Am Mittwoch vergangener Woche, einige Tage nach seinen Äußerungen, trat Scajola zurück. Ministerpräsident Silvio Berlusconi hatte ihn zu schützen versucht, musste letztlich jedoch dem öffentlichen Druck nachgeben.

Biagi war im März dieses Jahres, vor der großen Gewerkschaftsdemonstration gegen die Aushöhlung des Arbeiterstatuts, erschossen worden. Kurz darauf tauchte ein von den Roten Brigaden unterzeichnetes Bekennerschreiben auf (Jungle World, 15/02).

Vor dem Attentat hatte der Wirtschaftsprofessor mehrfach Drohungen erhalten. Da dennoch sein Personenschutz schrittweise reduziert wurde, wandte er sich per E-Mail Hilfe suchend an den Arbeitsminister Roberto Maroni, den Präsidenten des Abgeordnetenhauses, den Vorsitzenden des Industriellenverbandes sowie an einen befreundeten unteren Staatssekretär. Ohne Erfolg.

Am 3. Oktober wurde das »Weißbuch« zur Flexibilisierung der Arbeitswelt vorgestellt, an dessen Erarbeitung Biagi maßgeblich beteiligt war. Am selben Tag wurde ihm der verbliebene Personenschutz gestrichen.

Am vorletzten Wochenende gelangten nun Biagis E-Mails an die Öffentlichkeit.

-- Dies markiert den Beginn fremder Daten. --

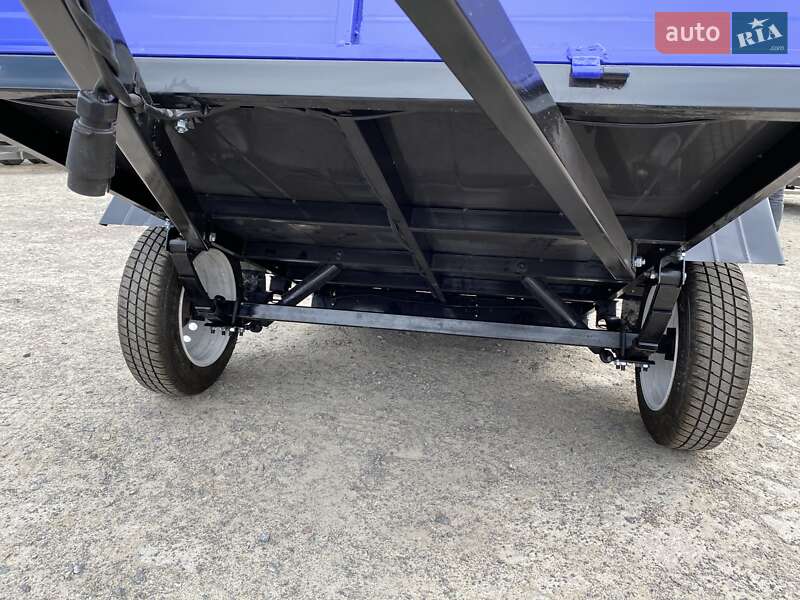 Легковой прицеп Al-ko 1000 2024 в Сарнах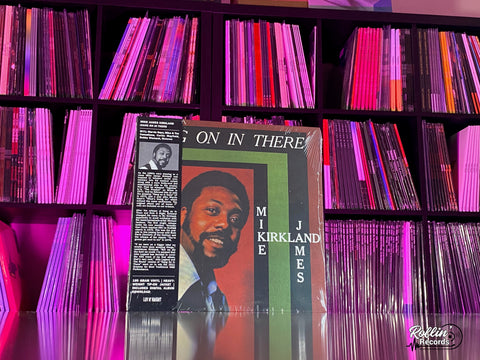 Mike James Kirkland - Hang On In There (RSDBF23 Exclusive)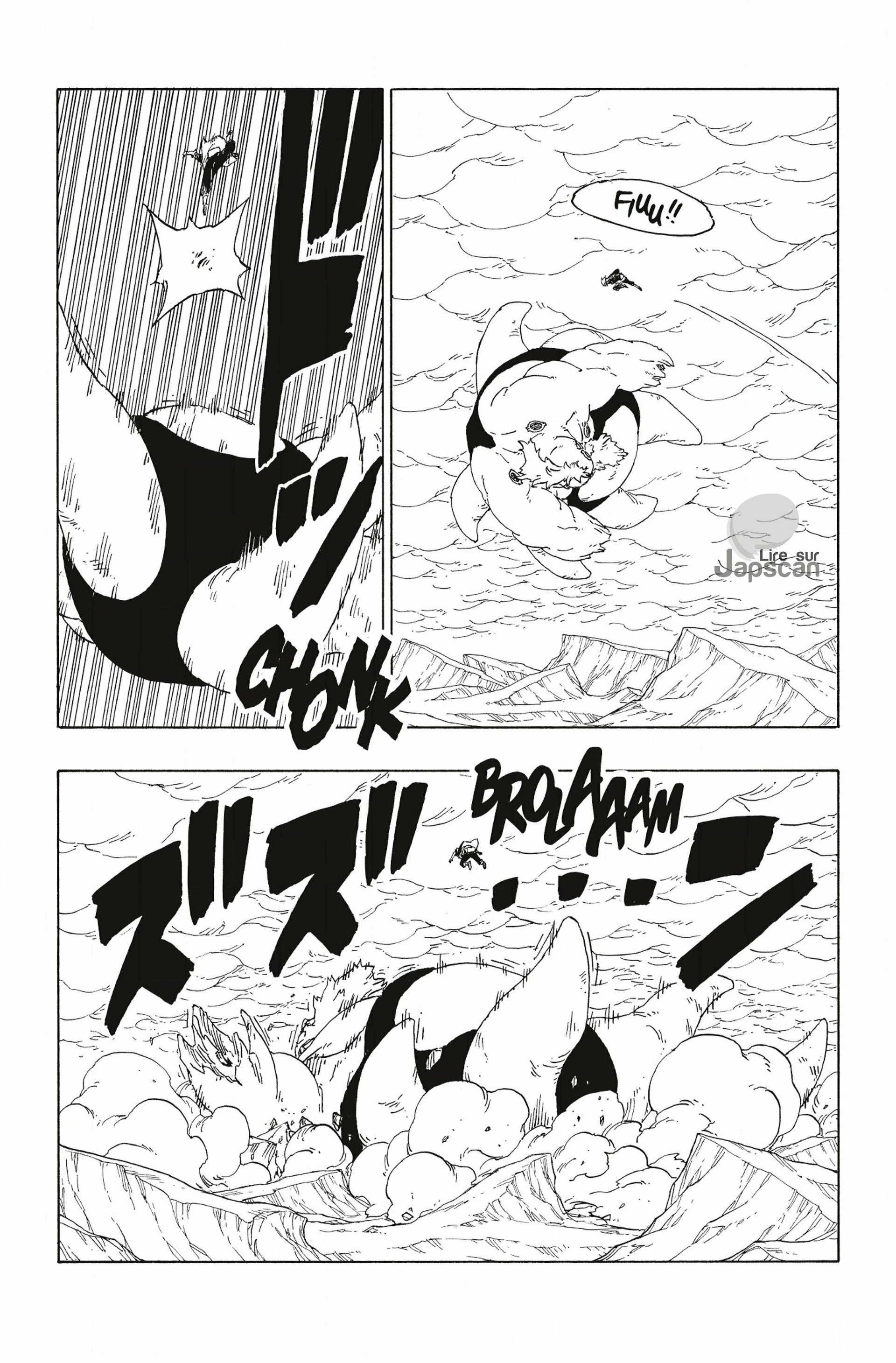 Read Boruto vf Manga Online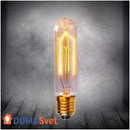 Лампа Edison T30x125 Диммована Domosvet Design 24053-228895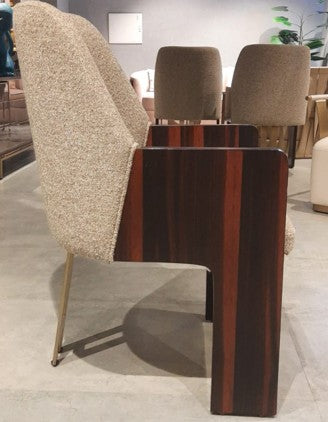 DINING CHAIR(6) - IND DASH(BESPOKE)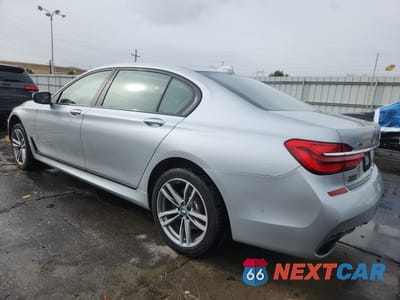 Drugie zdjęcie samochodu z przodu: 2018 BMW 750 XI VIN:WBA7F2C57JB238477 - miniatura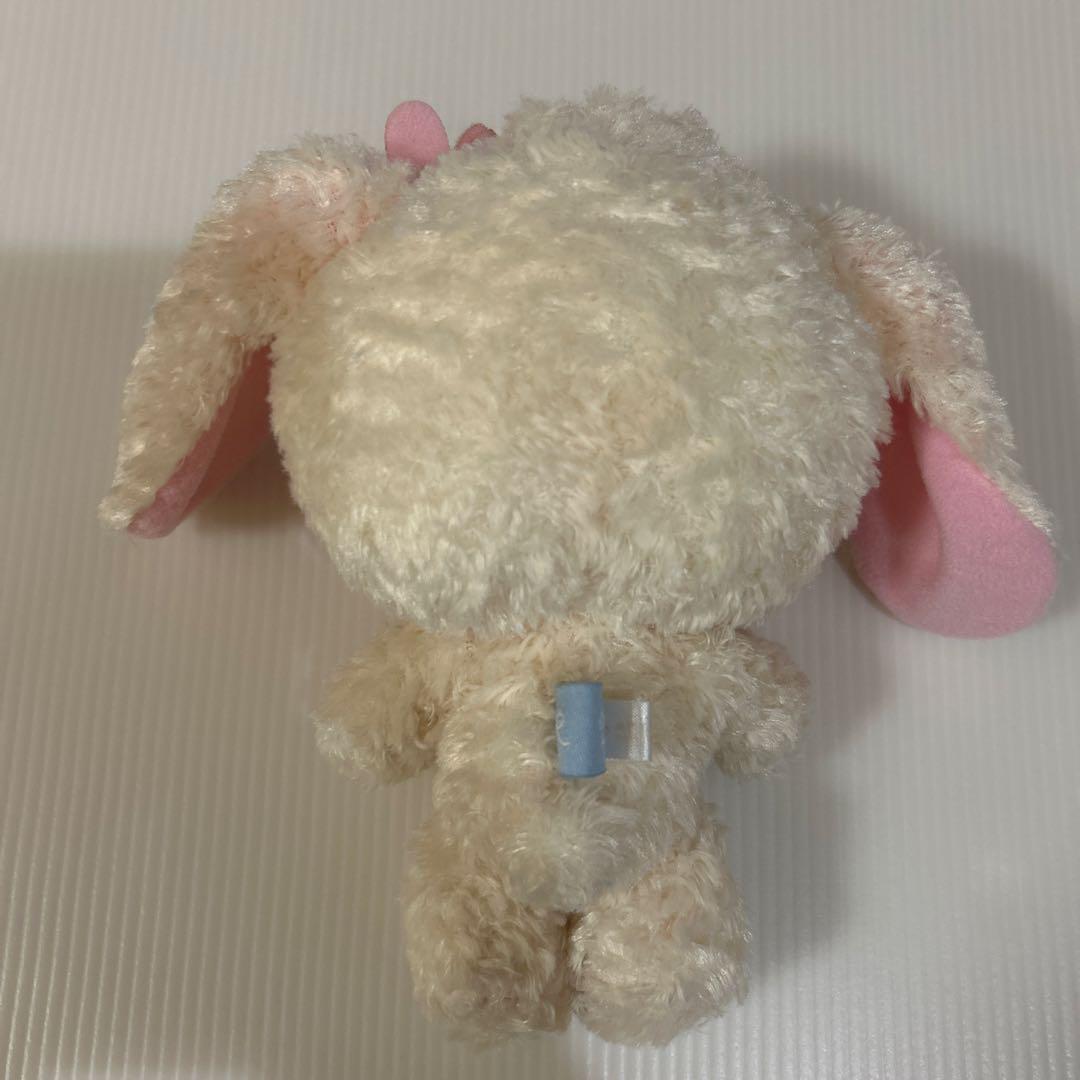 シュガーバニーズ　はなうさ　ぬいぐるみ　04.05 サンリオ　希少　レア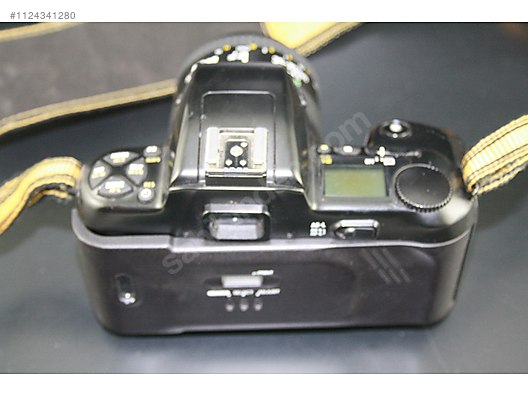 İkinci El ve Sıfır Alışveriş / Fotoğraf & Kamera / Analog Fotoğraf Makinesi / 35mm Filmli SLR / Nikon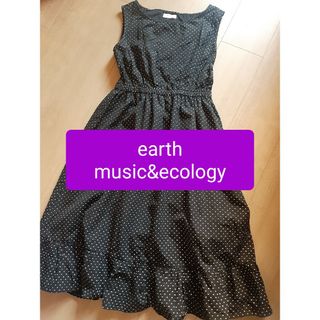 earth music & ecology - earth music&ecologyワンピース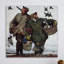 Reproduction d’art sur toile tendue, "nothing sauf déco" par mead schaeffer-15060641
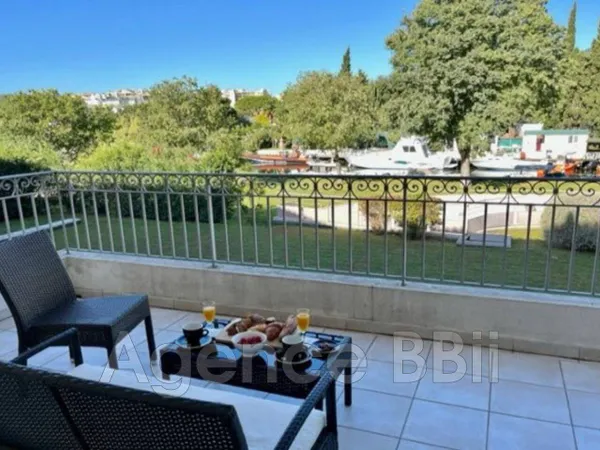 Appartement 2 pièces 44 m²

Zwar dürften sie authentisch sein, interessant aber sind der Zeitpunkt und die Umstände ihrer Veröffentlichung. Wiederum standen Streiks bevor, die die Unterzeichnung des »Paktes für Italien« zur Reform des Arbeitsmarkts begleiteten. Er wurde am Freitag voriger Woche zwischen der Regierung, Kapitalvertretern und den beiden Gewerkschaften CISL und UIL vereinbart, während ihn die größte Gewerkschaft, die linksgerichtete CGIL, boykottierte.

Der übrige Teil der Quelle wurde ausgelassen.